Les ratés, les marginaux authentiques, qui n’ont pour eux aucune idéologie qui les adoube, n’appartenant à aucune catégorie choyée par l’esprit du temps, sont des démissionnaires du système, non de la vie. Bukowski en a exprimé l’allégresse secrète dans Un carnet taché de vin : «  Ce que je préférais, c’était d’avoir pour moi seul une table en contrebas d’une fenêtre par laquelle les rayons du soleil venaient me réchauffer la nuque, le haut du crâne, les mains, au point que je finissais par penser que tous ces livres avec leurs couvertures rouges, orange, vertes, bleues, si impeccablement rangés sur leurs rayonnages, étaient dépourvus d’intérêt, voire factices. Quoi de plus merveilleux que de sentir le soleil sur sa nuque, que de somnoler, que de rêvasser, sans avoir à se soucier de son loyer, de son ordinaire, de l’Amérique, de ses devoirs de citoyen ? Et pourquoi aurais-je continué à me demander si j’étais ou non un génie puisque je désirais, par-dessus tout, rester en marge de cette société ? L’instinct de conservation, la volonté de puissance dont mes semblables faisaient montre me sidéraient : qu’un homme passât ses journées à changer des pneus ou à parcourir les rues en vendant des ice cream ou à se présenter au Congrès ou à ouvrir le ventre d’un quidam dans une salle d’opération ou au cours d’une rixe, tout cela m’indifférait. Pas question que j’y participasse. Et, par parenthèse, je ne veux toujours pas y participer… Quand une journée s’achevait sans que j’eusse collaboré avec le système, je chantais victoire. »
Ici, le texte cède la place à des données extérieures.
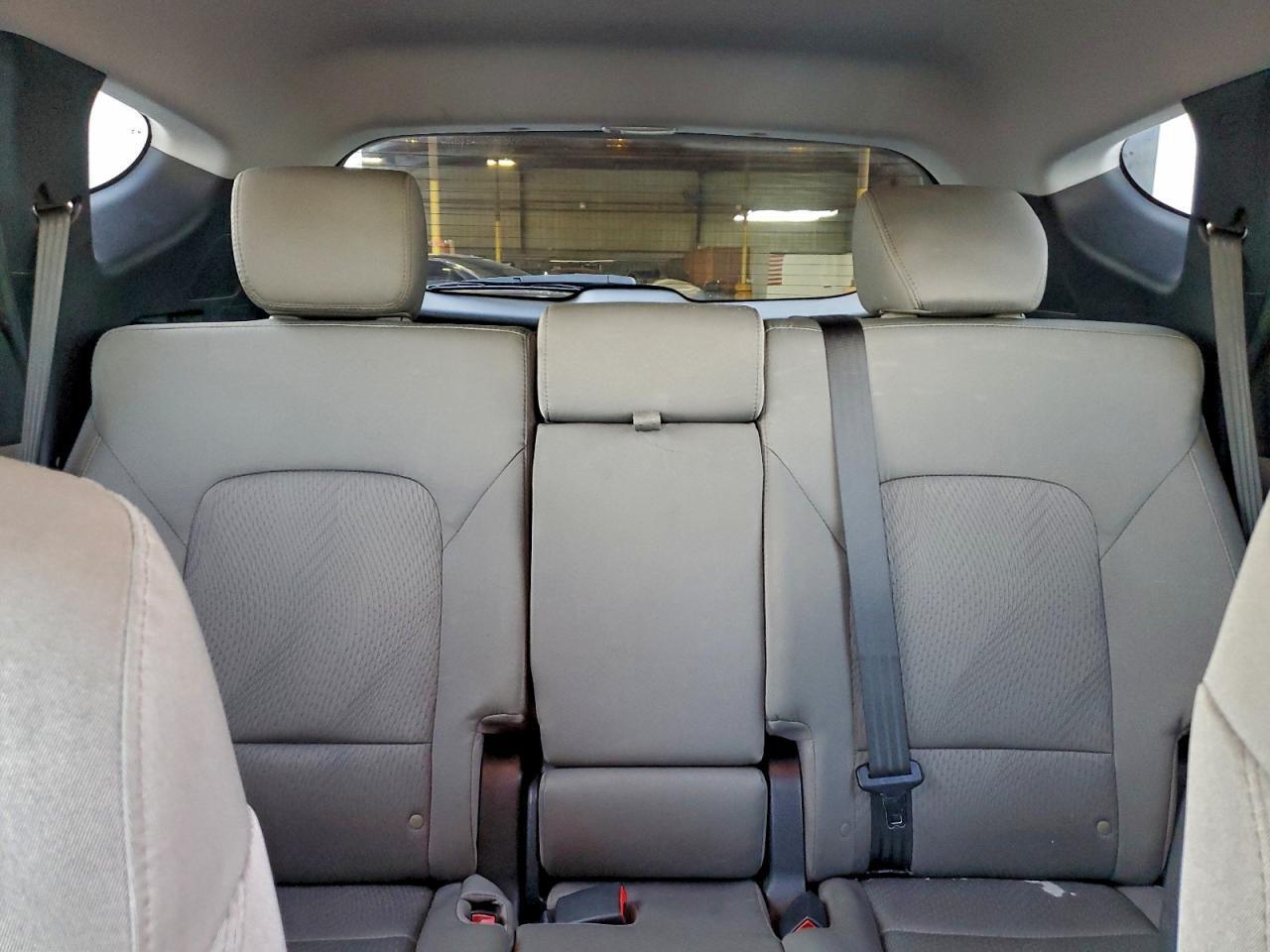 2016 Hyundai Santa Fe Sport VIN: 5XYZU3LB6GG336346 Lot: 94033995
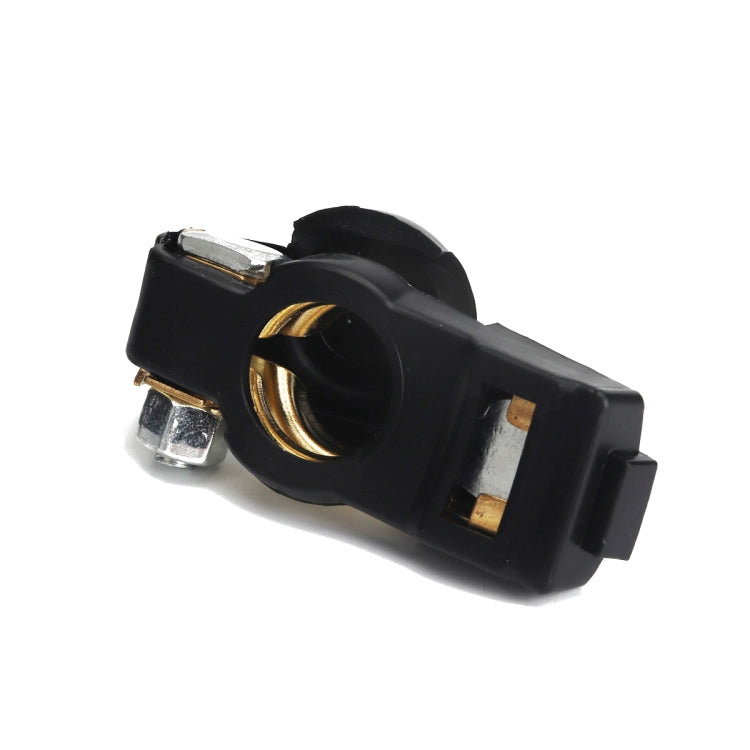 1 Pair Car Battery Cable Terminal Clamps Connectors Battery Clip Wiring with Protective Cleaning - Booster Cable & Clip by PMC TechLife | Online Shopping South Africa | PMC TechLife | Buy Now Pay Later Mobicred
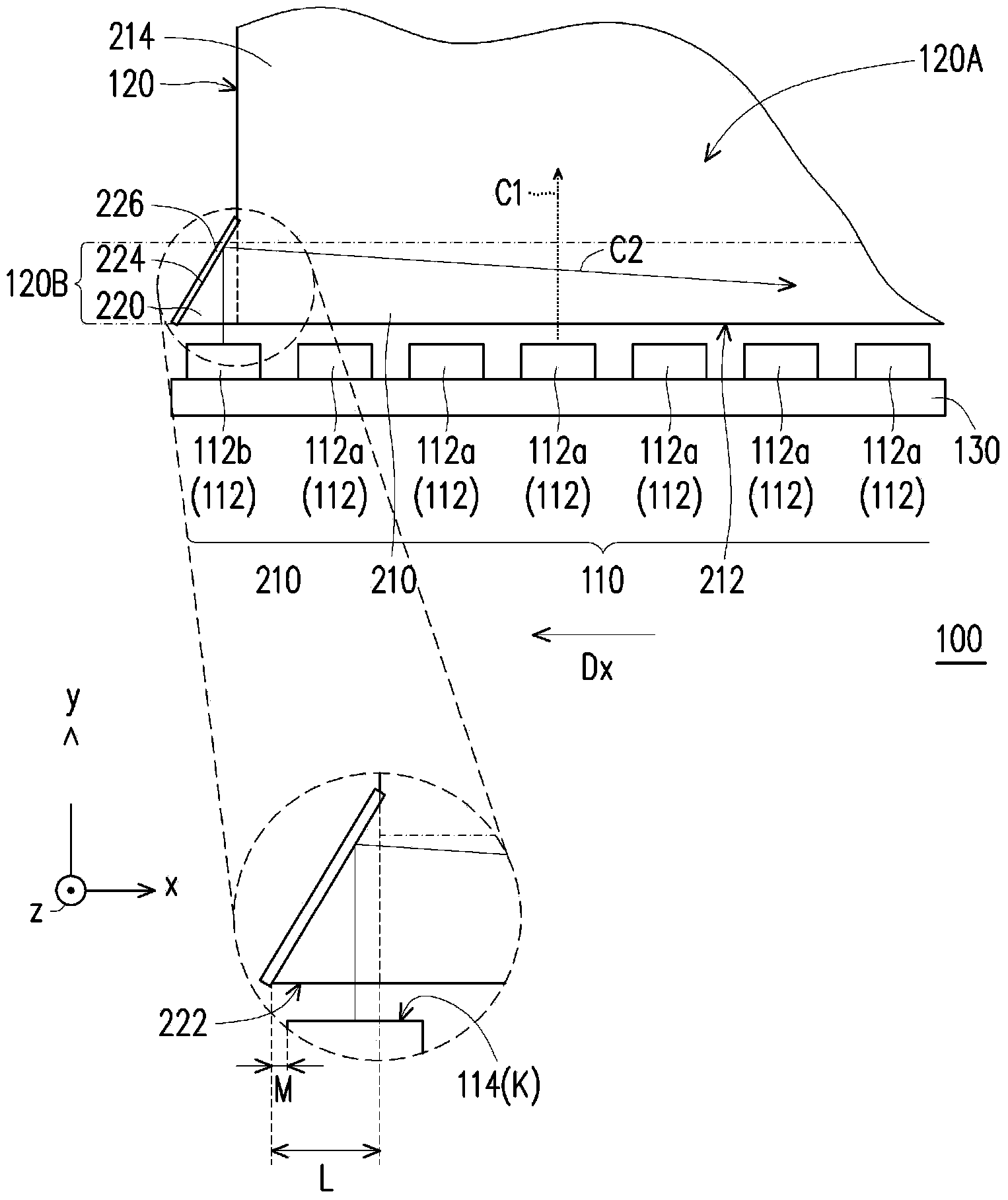 Light guiding plate and backlight module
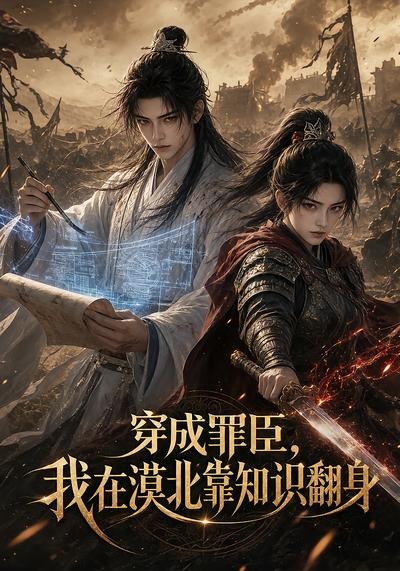 穿成罪臣我在漠北靠知识翻身（蓝光）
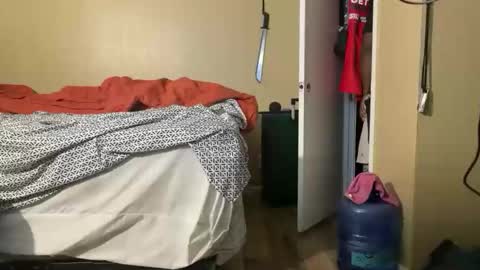 Snapshot of blackjag107 chatting on December 1, 2025, 4:34 pm blackjag107 online show from December 1, 2025, 4:34 pm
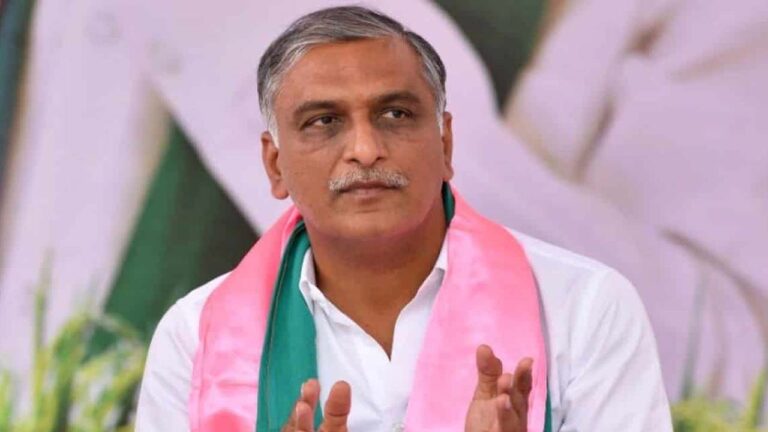 Harish Rao: ధరణి పోర్టల్ ఒక అద్భుతం
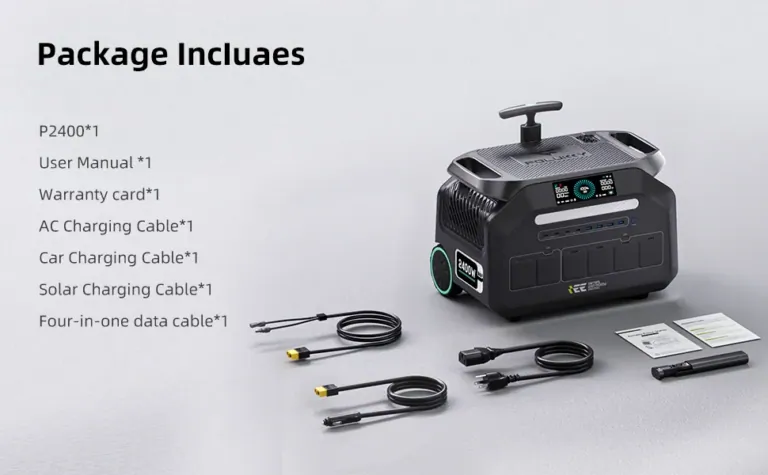 IEE P2400 power station – Jöhet a világvége, készen állok 12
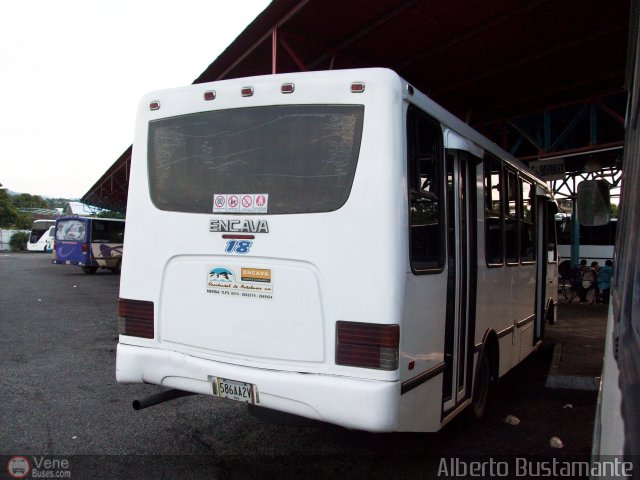 L�nea Santa B�rbara 18 por Alberto Bustamante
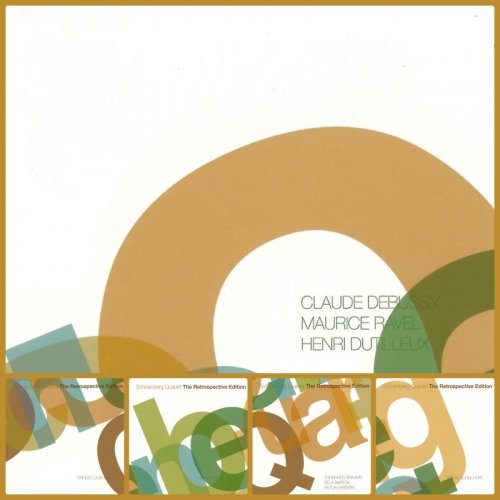 Schoenberg Quartet The Dutch Legacy (2009)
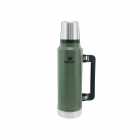 GARRAFA TERMICA STANLEY CLASSIC BOTTLE VERDE 1.4LT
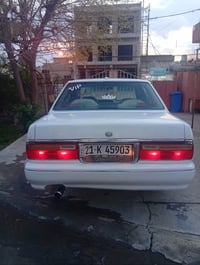 ستريك ٢٠٠١ • جير عادي • مكيف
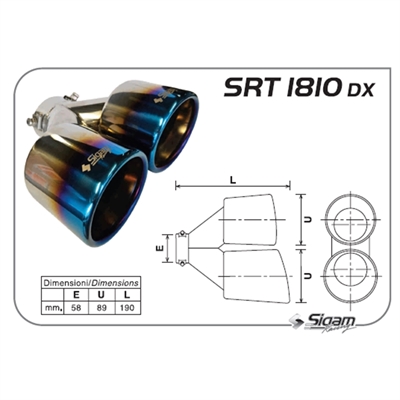 SRT1810DX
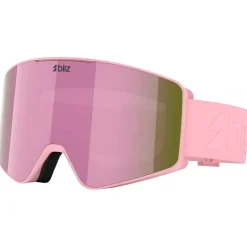 Maschera Bliz G001S Matte Pink Brown Pink Multi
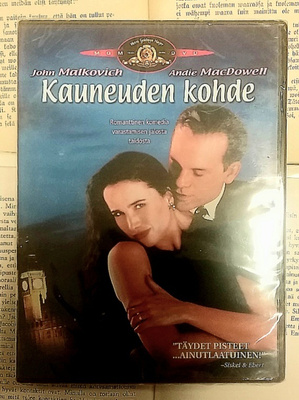 Kauneuden kohde (UUSI DVD)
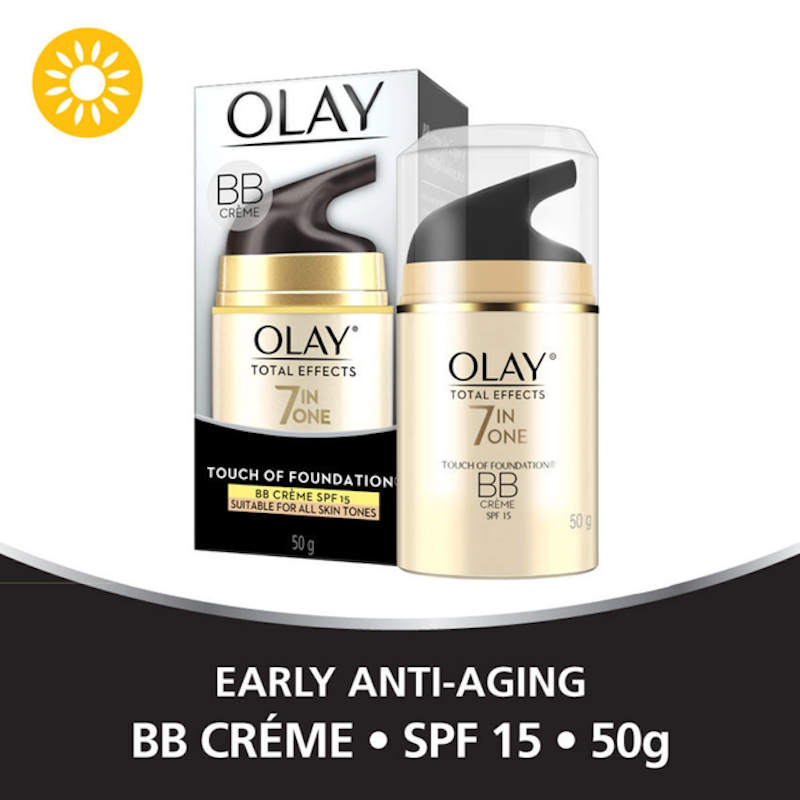 Olay Total Effects SPF BB Crème 3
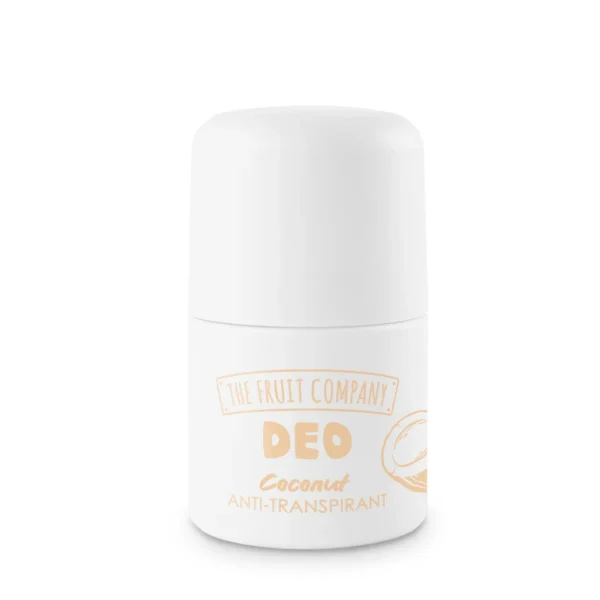 Deo Antitranspirante Coco Soft Touch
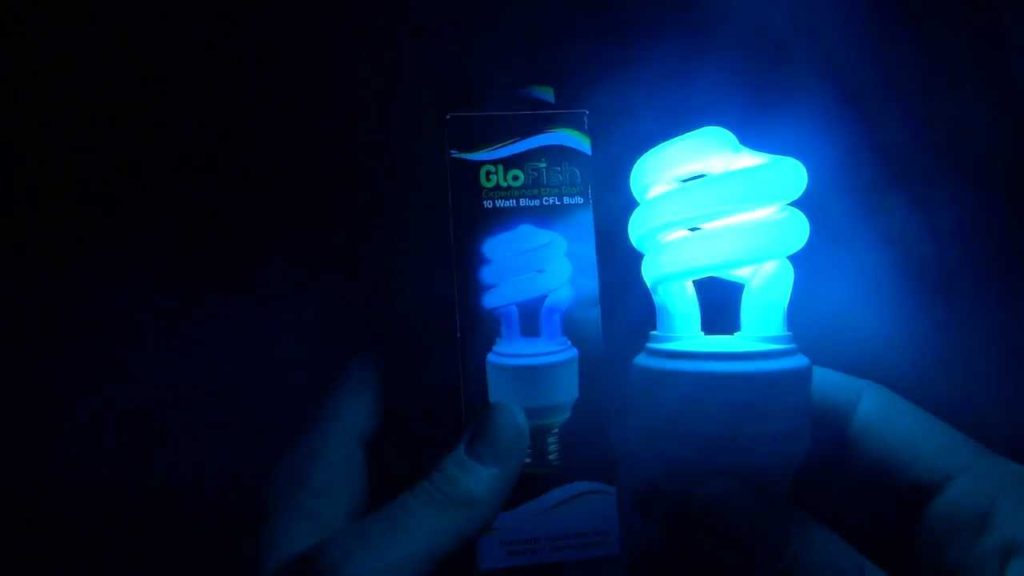 10 adventiges of Blue light lamp Warisan Lighting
Il y a, enfin, les ratés ordinaires. Les ratés ordinaires mènent leur vie dans l’ombre, sans penser à étendre leur propre nuit sur le monde. Ils n’en ont guère la possibilité et n’imaginent pas que c’est le meilleur moyen de faire carrière. Ils n’ont pas saisi les opportunités mirifiques ouvertes par un nouvel âge d’obscurantisme. Alors ils se terrent dans leur petite obscurité à eux, sans prétention, obscurité privée, finement obombrée par l’anonymat de tout un chaque rien. Ils réclament seulement que le Rien des autres, prospérant sur les décombres, de ces décombres mêmes, prétendant valoir pour tous, devant s’imposer à tous, les laisse tranquilles.